FreeBSD coredumps dump whole apps even when most pages haven't been touched. Modern allocators often allocate very large regions of VA e.g. with 1GiB-100GiB mmaps rather than making repeated calls to mmap. When such processes dump core the whole map gets dumped even though it's nearly all unmapped pages. Linux breaks such maps into a set of PT_LOADs where unbacked anonymous pages aren't present in the file. We ran into this on a very slow riscv (100MHz FPGA with very slow disk), but we believe it effects everyone.
So is the idea to identify runs of alternating faulted and non-faulted ranges in each mapped area, and emit a phdr for each run (or each pair of runs)? Then, the phdr for a non-faulted range would have p_filsz == 0 (or it would get tacked on to the phdr for the preceding faulted range). Or, does Linux completely exclude non-faulted ranges from the core file? I'd be surprised if so, but it does make things a bit simpler for the kernel. I noticed recently that DPDK has a FreeBSD-specific workaround for this exact issue, so I'd like to work on it.
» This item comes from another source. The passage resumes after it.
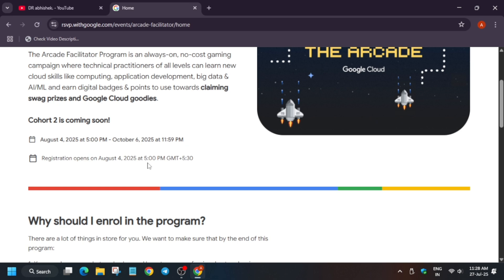Some of you have queries about whether you can start doing games in July and complete skill badges. You can complete the July games — all will be counted in the Arcade program. For skill badges, two skill badges give one Arcade point — you can complete those also.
It looks like Linux handles core dump data phdrs the same way we do. The trick they use is to create a hole in the core file whenever a never-faulted virtual page is written. So a program that maps 512MB, faults a single page, and dumps core gives: # ./a.out addr is 0x7fc076b57000 Aborted (core dumped) # du -h core 116K core # du -h --apparent-size core 513M core
https://reviews.freebsd.org/D26590
A commit references this bug: Author: markj Date: Fri Oct 2 17:50:23 UTC 2020 New revision: 366368 URL: https://svnweb.freebsd.org/changeset/base/366368 Log: Implement sparse core dumps Currently we allocate and map zero-filled anonymous pages when dumping core. This can result in lots of needless disk I/O and page allocations. This change tries to make the core dumper more clever and represent unbacked ranges of virtual memory by holes in the core dump file. Add a new page fault type, VM_FAULT_NOFILL, which causes vm_fault() to clean up and return an error when it would otherwise map a zero-filled page. Then, in the core dumper code, prefault all user pages and handle errors by simply extending the size of the core file. This also fixes a bug related to the fact that vn_io_fault1() does not attempt partial I/O in the face of errors from vm_fault_quick_hold_pages(): if a truncated file is mapped into a user process, an attempt to dump beyond the end of the file results in an error, but this means that valid pages immediately preceding the end of the file might not have been dumped either. The change reduces the core dump size of trivial programs by a factor of ten simply by excluding unaccessed libc.so pages. PR: 249067 Reviewed by: kib Tested by: pho MFC after: 1 month Sponsored by: The FreeBSD Foundation Differential Revision: https://reviews.freebsd.org/D26590 Changes: head/sys/kern/imgact_elf.c head/sys/vm/vm_fault.c head/sys/vm/vm_map.h
I think I will hold off on a merge to stable/12 unless someone asks for it. The merge isn't trivial.